What you will do
Everything from the line containing "NISSAN X-Trail 2.0" through the line containing "Apartment Zlatko, Matulji" in the listing below should be copied exactly, and nothing more.

Data under study
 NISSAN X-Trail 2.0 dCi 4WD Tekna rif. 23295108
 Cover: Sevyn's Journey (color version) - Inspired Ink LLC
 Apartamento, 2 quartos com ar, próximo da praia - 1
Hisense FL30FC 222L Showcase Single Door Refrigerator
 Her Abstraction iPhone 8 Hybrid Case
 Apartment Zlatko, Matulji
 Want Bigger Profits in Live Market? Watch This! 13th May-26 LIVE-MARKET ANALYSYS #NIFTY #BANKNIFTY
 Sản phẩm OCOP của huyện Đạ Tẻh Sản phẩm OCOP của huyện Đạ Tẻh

* * *

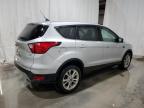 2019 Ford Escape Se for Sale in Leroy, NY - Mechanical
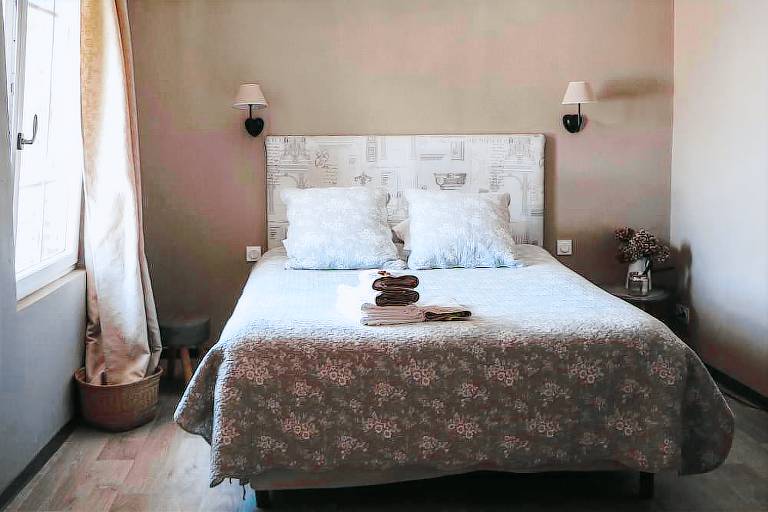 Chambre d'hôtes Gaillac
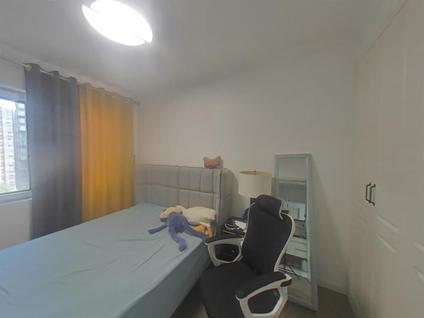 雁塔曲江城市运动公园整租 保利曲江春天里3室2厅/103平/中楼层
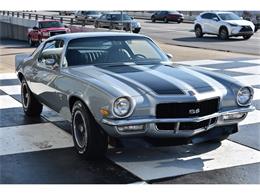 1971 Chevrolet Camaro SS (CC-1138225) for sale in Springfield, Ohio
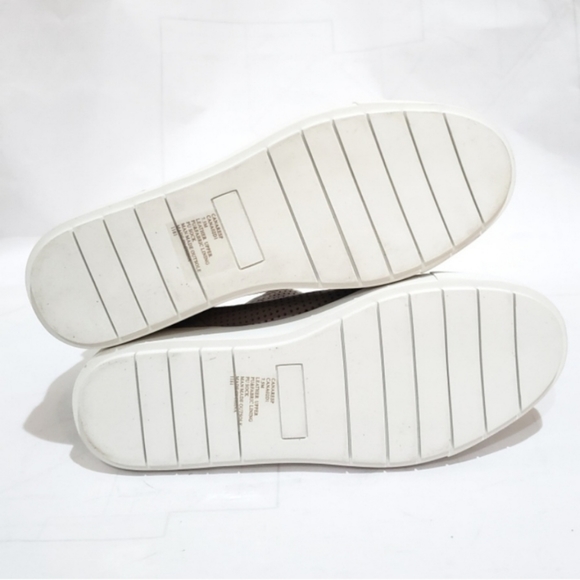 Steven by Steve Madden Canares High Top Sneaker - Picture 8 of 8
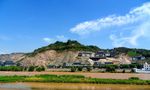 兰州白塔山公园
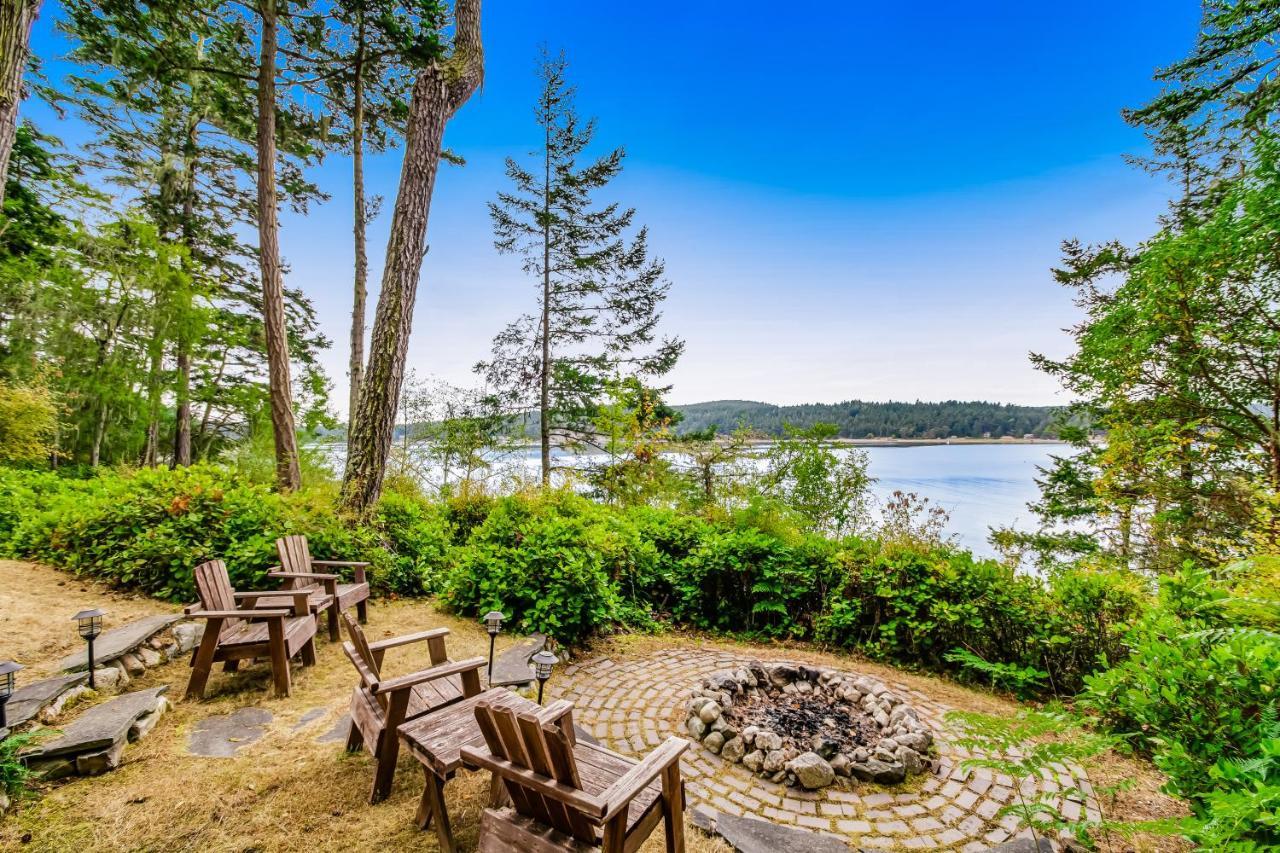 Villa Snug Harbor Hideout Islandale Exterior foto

Answer box
 NISSAN X-Trail 2.0 dCi 4WD Tekna rif. 23295108
 Cover: Sevyn's Journey (color version) - Inspired Ink LLC
 Apartamento, 2 quartos com ar, próximo da praia - 1
Hisense FL30FC 222L Showcase Single Door Refrigerator
 Her Abstraction iPhone 8 Hybrid Case
 Apartment Zlatko, Matulji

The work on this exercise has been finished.